Record a sound of the given number of frames, at the specified frame rate, of the specified number of channels. Returns an s16vector containing interleaved samples. Signals an error if the default input device does not allow that many channels.

5 A Note on Memory, Synchronization, and Concurrency🔗ℹ

Note: the following is not organized to the high standards of a technical paper. The Management would like to apologize in advance, and humbly requests your forgiveness.

Interacting with sound libraries is tricky. The basic framework for this library is what’s called a "pull" architecture; the OS makes a call to a callback every 5-50ms[*], asking for new data to be shoveled into a given buffer. This callback runs on a separate OS thread, which means that Racket must somehow synchronize with this thread to provide data when needed.

One difficulty here is that Racket is garbage-collected, with GC pauses that typically run from 50ms to 100ms. This means that when a program is generating garbage, there are simply bound to be hiccoughs in a stream-based program. In general, these don’t seem to be too awful, and it’s often possible to write programs that generate very little garbage.

After trying several architectures, the model that seems to work the best is a shared-memory design, where the callback is written entirely in C, and takes its data from a buffer shared with Racket. If Racket has written the data into the buffer, then this routine copies it into the OS’s buffer. If not, then it just zeros out the buffer to play silence.

5.1 Copying Vs. Streaming🔗ℹ

This package supports two different play interfaces: a "copying" interface and a "streaming" interface.

The copying interface is simple: Racket stuffs an entire sound into a buffer, then opens a new stream, providing a callback that pulls samples out of the buffer until it’s done. This means that the sound is not affected by GC pauses or Racket’s speed. On the other hand, it means duplicating the entire sound (expensive, for large sounds), and it requires a platform that can support multiple streams simultaneously. (OS X, yes. Windows, usually no.) Also, it tends to have higher startup latency (especially on windows), because there’s time required to start a new stream. Finally, it requires pre-rendering of the entire sound, meaning that interactivity is out.

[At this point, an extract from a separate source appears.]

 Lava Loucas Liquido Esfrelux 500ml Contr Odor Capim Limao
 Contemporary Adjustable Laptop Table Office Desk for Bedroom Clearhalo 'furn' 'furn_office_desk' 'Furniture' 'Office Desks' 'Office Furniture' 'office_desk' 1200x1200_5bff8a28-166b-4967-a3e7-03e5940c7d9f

The streaming interface solves these problems, but exposes more of the grotty stuff to the programmer. Rather than providing sound data, the user provides a racket callback that can generate sound data on demand. If the given callback can’t keep up with the demand, the stream starts to hiccough.

More specifically, this package uses a ring buffer, whose length can be specified independently of the underlying machine latency. The Portaudio engine calls the user’s racket callback quite frequently–on the order of every 1-5ms–to top up this ring buffer. When GC pauses occur, the C callback will drink up everything left in the ring buffer, and then just play silence.

Choosing the length of this ring buffer is therefore difficult: too short, and you’ll hear frequent hiccoughs as the C callback runs out of data. Too long, and you get high-latency, sluggish response. Times on the order of 50ms seem to be an acceptable compromise.

5.2 Memory🔗ℹ

Shared memory management is a big pain. Racket is garbage-collected, but it’s interacting with an audio library that is not. It’s nearly impossible to avoid all possible race conditions related to the free-ing of memory.

The first and largest issue is the block of memory shared between the Racket engine and the C callback. The current setup is that the memory is freed by a close-stream callback associated with the stream on the Portaudio side. The sequence is therefore this: Racket calls CloseStream. Portaudio then stops calling the callback, and closes the stream. Then, it calls the provided "all-done" callback, which frees the memory. One note here is that Racket should probably wrap the pointer in a mutable object so that it can be severed on the Racket side when the stream is closed. Actually, that’s true of the stream, as well.

[*] Different platforms are different; currently, this package insists on a latency of at most 50ms, or it just refuses to run. It appears that all modern platform can provide this, though it’s sometimes a bit tricky to decide which output device to use.